No, of course not. I am a doctoral candidate in English literature. Well, I was. I am now a deferred doctoral candidate. The external examiner wanted changes made that I have not got around to implementing.
The theoretical underpinnings of my thesis were predicated on the intertextual conversations between life and literature. Not only is there no text in my classroom—and no Fish in my text—but there is nothing outside the text either. It makes no sense to talk about the author’s intention, when the author, and his or her life, are merely texts feeding into the text that exists on the page.
My rape was nothing more than a text that John Coetzee chose to feed off for his novel. How could I blame him for that? A student of literature with my level of sophistication did not boggle for an instant at the dialectic involved. I could understand it and make peace with it for the simple reason that I was never at war with it.
* * *
Do I blame John Coetzee for creating a fictional child for me? One that I had to take the blame for aborting?

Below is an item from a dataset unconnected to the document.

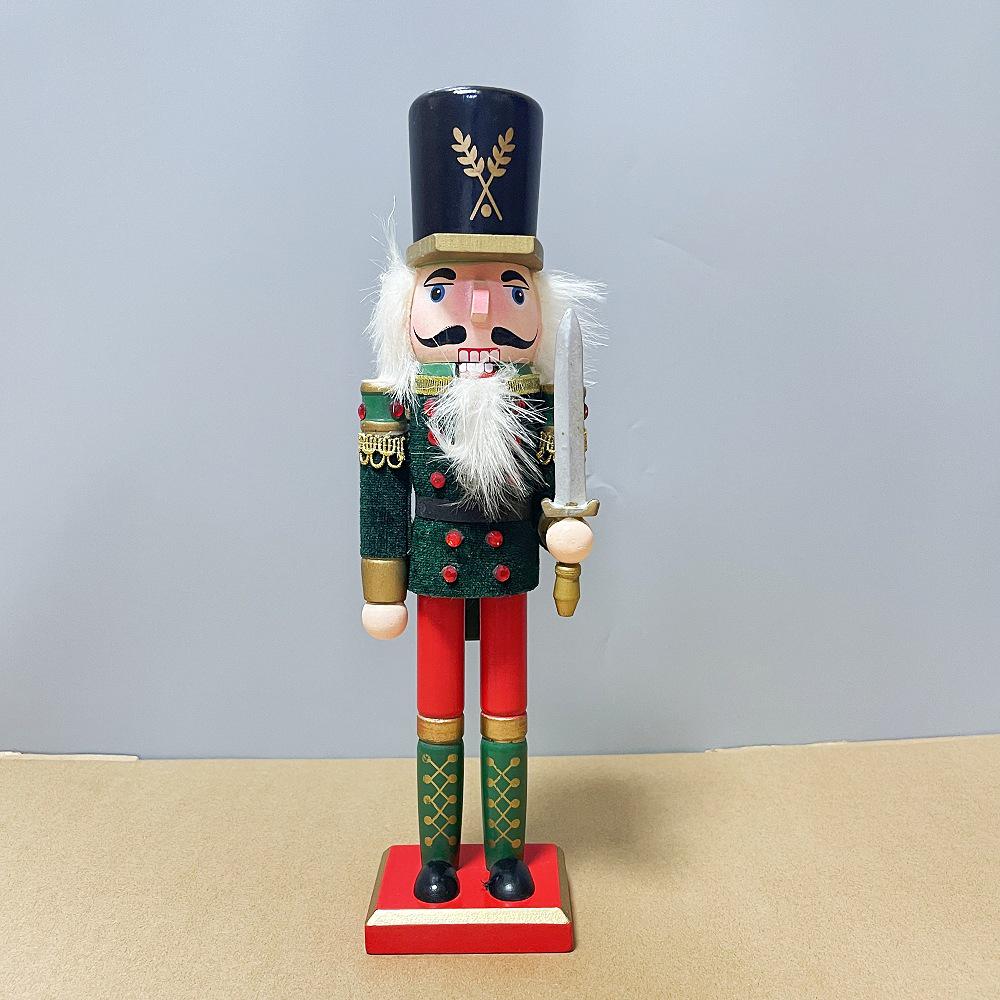 30CM Wooden Nutcracker Ornament for Christmas - Creative Home Decor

Of course I do. I blame him every day. The harassment I put up with would never have occurred if he hadn’t written about me, and if his book hadn’t become so ubiquitous. Disgrace is that rare thing—the literary novel that is also popular and widely read, even by people who don’t usually read fiction. He turned my rape into a spectacle and me into a public figure.
People thought I was fair game. That I had somehow chosen to put myself in the public eye to be commented on and criticised. An astonishing number thought I must have been paid for my role in Coetzee’s book. They still do. No amount of protesting or demurral can convince them that I haven’t profited from the book. A disturbing number of these people are related to me. They ask for handouts at family gatherings.
They send me emails asking me to help put their child through university now that I am rich.
I don’t understand why Coetzee did what he did, and I will never be at peace with it.
CHAPTER 5
Did I benefit from Coetzee’s book? Yes, I suppose I did. As South Africa’s most famous rape victim, I get invited to speak on panels all the time. These aren’t the kind of invitations you get when you are an impecunious graduate student. I’ve had enough of those to know the difference. Those invitations ask you to speak at a conference that stretches across two or three days. At most they might pay for your airfare, but often not. Your accommodation and board are never included, and there is no honorarium. In return for your intellectual capital, they will promise you “exposure.” You will take up these offers again and again because you need to attend a certain number of conferences each year to fulfil the conditions of your bursary.
South Africa’s number-one rape victim does not get treated so shabbily. These days my invitations to speak come complete with a return air ticket, accommodation at a three-star hotel, all meals provided, and a respectable honorarium. As a former colleague of mine remarked, it was almost worth getting raped for. He grinned as he said it, looking sideways at me, sure I would enjoy his edgy humour. I almost grinned back. My cheek muscles wanted to stretch into their reflexive man-pleasing smile. I stopped them just in time.
People say stupid things—things they don’t necessarily mean. If they publish them on social media, it can cost them their jobs. My colleague would have been fired if he had tweeted that remark instead of saying it out loud. The public shaming would have ruined his life.
I am immune to that kind of disgrace. There is nothing I can say that is bad enough to cancel out the horror of what happened to me. My words and my behaviour can always be excused as a symptom of my PTSD.